- [What to produce]: Look through the data below and output, unchanged, every line from the one holding "Сasa de vacaciones" through the one holding "Vlindervink Case-Mate iPhone", inclusive. Skip the pictures.

- [Record excerpts]:
^^^^
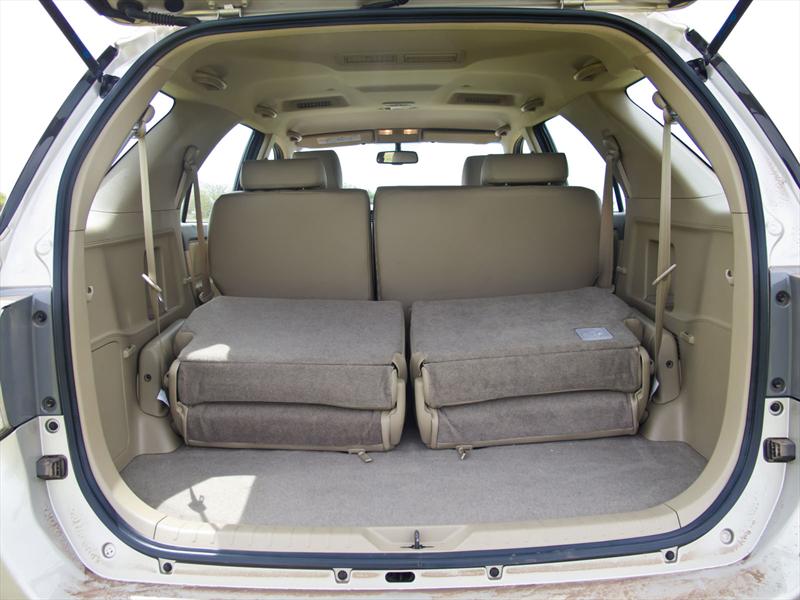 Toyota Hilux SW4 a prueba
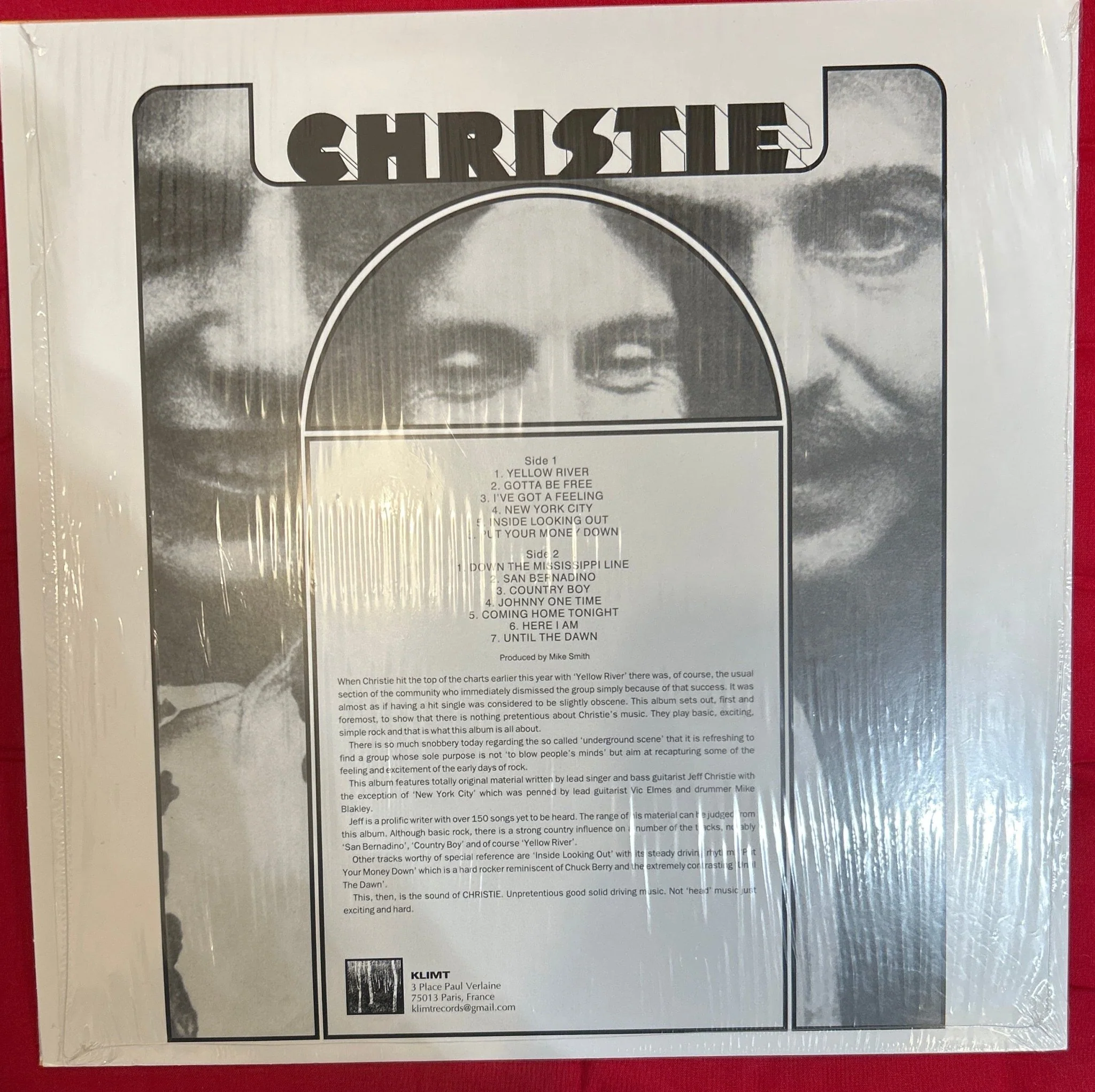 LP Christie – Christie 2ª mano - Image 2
^^^^
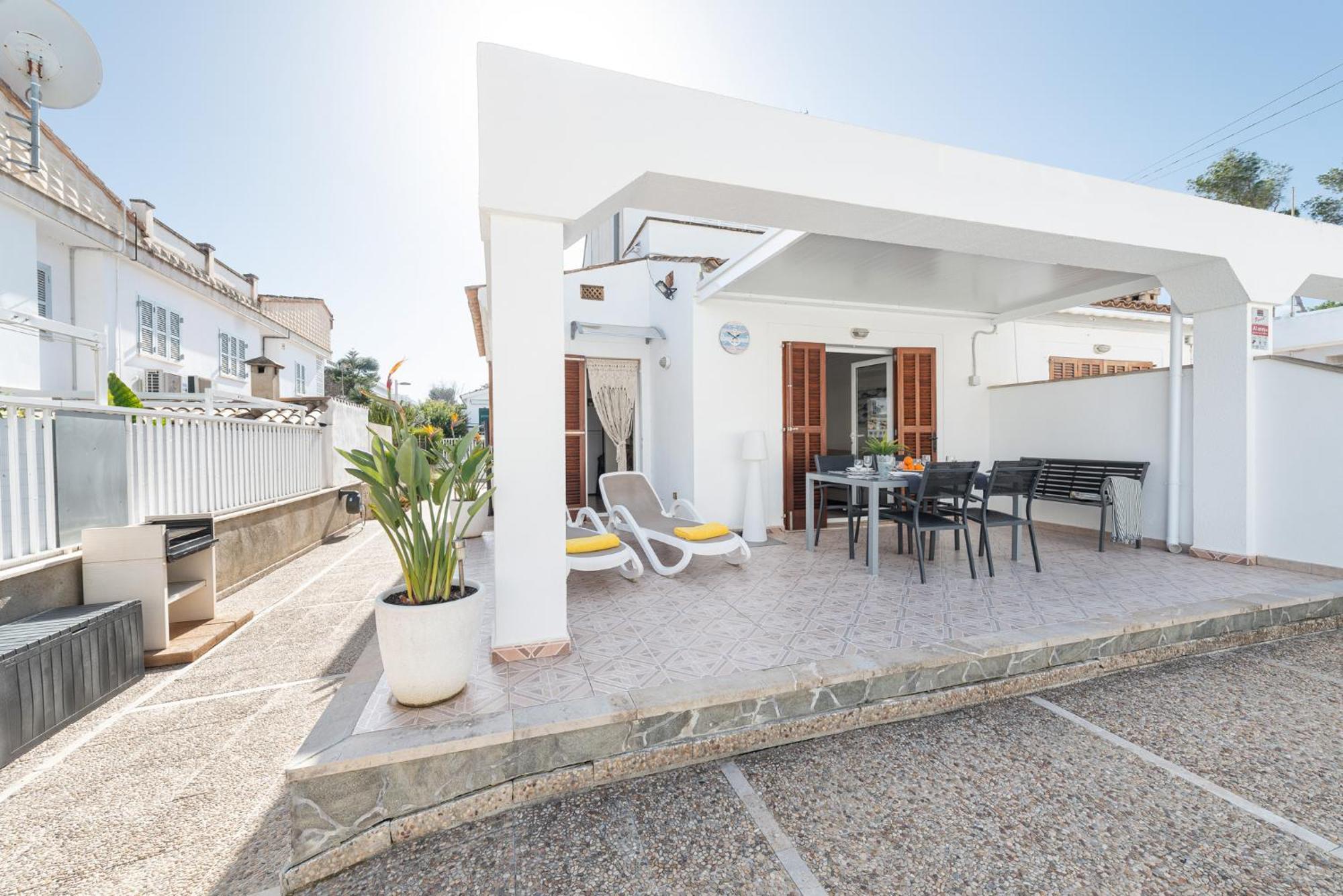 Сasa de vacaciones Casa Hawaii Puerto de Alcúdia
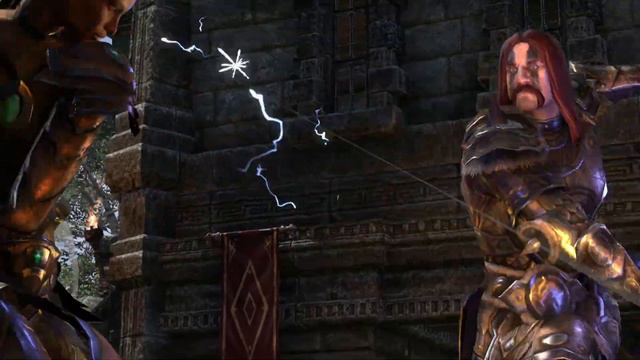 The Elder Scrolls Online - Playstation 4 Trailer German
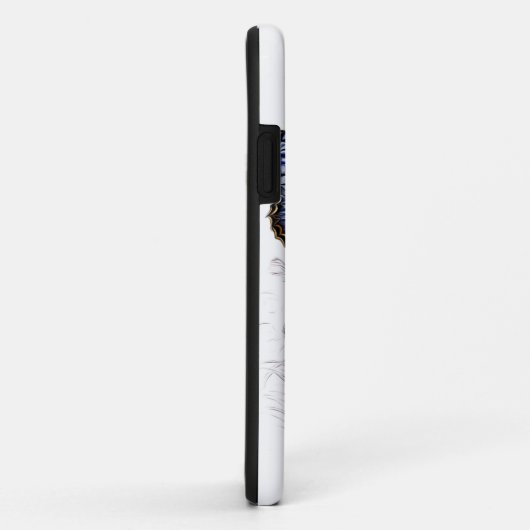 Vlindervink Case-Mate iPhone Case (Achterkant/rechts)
^^^^
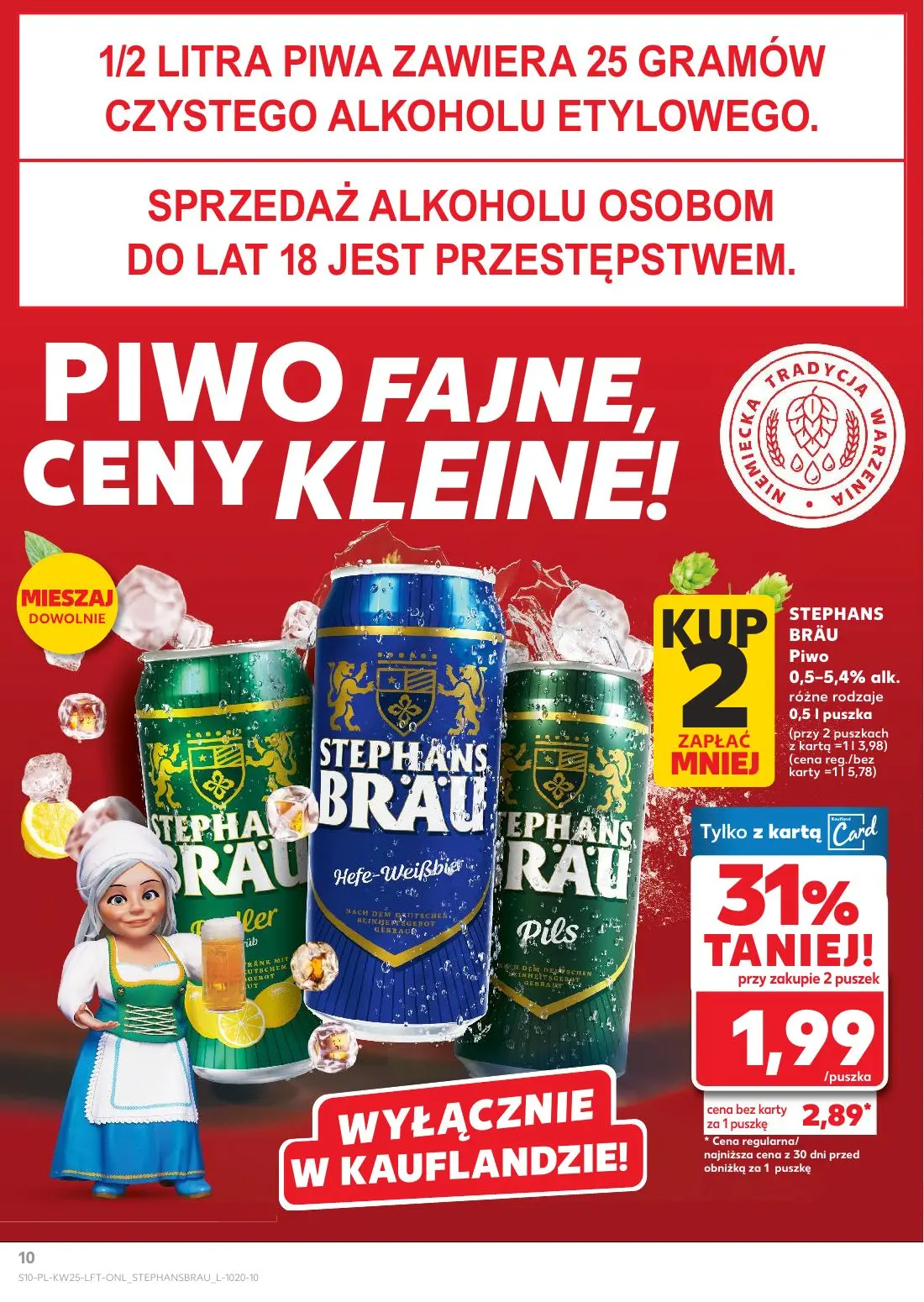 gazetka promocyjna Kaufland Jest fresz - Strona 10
^^^^
- [Solution for this problem]:
 Сasa de vacaciones Casa Hawaii Puerto de Alcúdia
 The Elder Scrolls Online - Playstation 4 Trailer German
 Vlindervink Case-Mate iPhone Case (Achterkant/rechts)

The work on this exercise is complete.